It’s a puzzle that government officials and professionals in the architecture and engineering fields are trying to solve: gameday parking at the future site of the Las Vegas Raiders stadium.

Local high schoolers may have the solution.

Almost three dozen Las Vegas Valley junior and senior students—tasked with designing a parking facility at the stadium site—were honored April 18 at UNLV’s School of Architecture for the local chapter of the American Institute of Architects’ High School Design Awards. The 45th-annual awards included more than $2,000 in prize money distributed among five award winners.

“We try to make this as relevant and interesting as possible,” said Ryan Sisti, the awards show’s chairman, who came up with the task this year. “Complicated or not, we want the students to be passionate about the project they’re working on.”

High school architecture students in the competition had about two months to craft a full proposal project, including a name, description and graphic rendering of the structures adjacent to and across the street from the future football stadium. Entrants could be from architecture or specialized art classes at any high school in Southern Nevada, not just public schools in the Clark County School District. Prizes were given in both team and individual categories.

Smiling with a certificate in hand and $500 promised in prize money, Southeast Career and Technical Academy seniors Renae Sebastian, 18, Deangelo Mortel, 17, and Spencer Ossa, 17, posed for pictures with teacher Rosemary Czar. The trio of students represented a team of 10 Southeast Tech students that worked each day for almost two months to design Radiant, a project that included a parking garage and retail space across Las Vegas Boulevard to keep Las Vegas Raiders fans around the stadium before, during and after the team’s games.

The Southeast Tech team credited its project’s success in part to clear renderings and graphic design produced by Adobe Photoshop, a program team members learned on the fly while creating their project. Radiant came just one year after the now-senior trio said they tried, but failed, to submit an adequate project for last year’s High School Design Awards.

“It felt great to win this year,” Ossa said. “I think last year we were just feeling out the waters and seeing how the competition is.”

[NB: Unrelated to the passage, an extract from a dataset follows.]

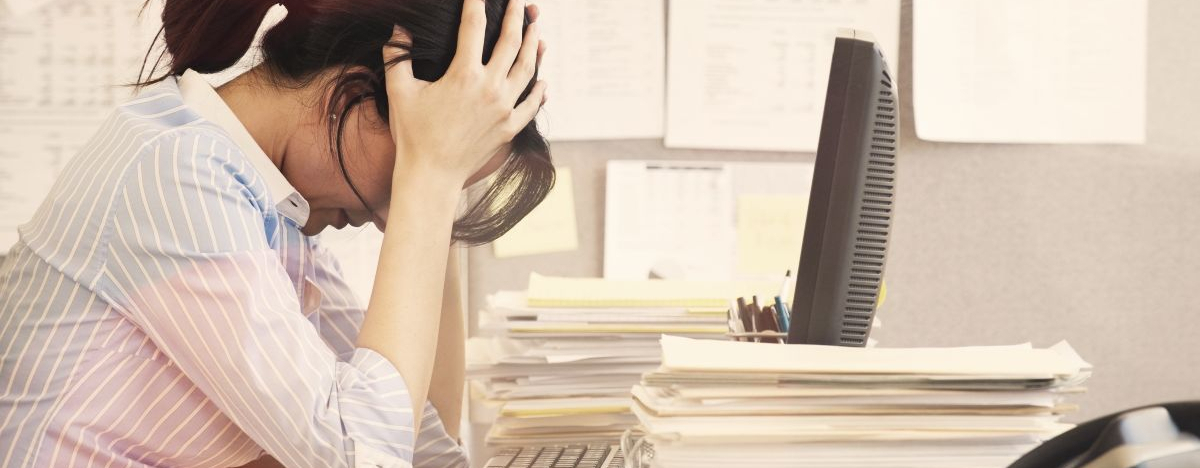 Frau im Büro schlägt vor lauter Stress die Arme über dem Kopf zusammen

“They have worked so hard for this,” added Czar, the Southeast Tech architecture teacher. “They went above and beyond and really earned it.”

Northwest Career and Technical Academy junior Genesis Villar, 17, worked for just one month on her project, but used after-school hours and weekends to design 17 graphics for her parking facility. The extra time and hard work earned Villar $1,000 and the competition’s honor award—the highest individual prize of the evening.

Villar, who took architecture class as “something fun on the side,” said she aspires to be a computer engineer.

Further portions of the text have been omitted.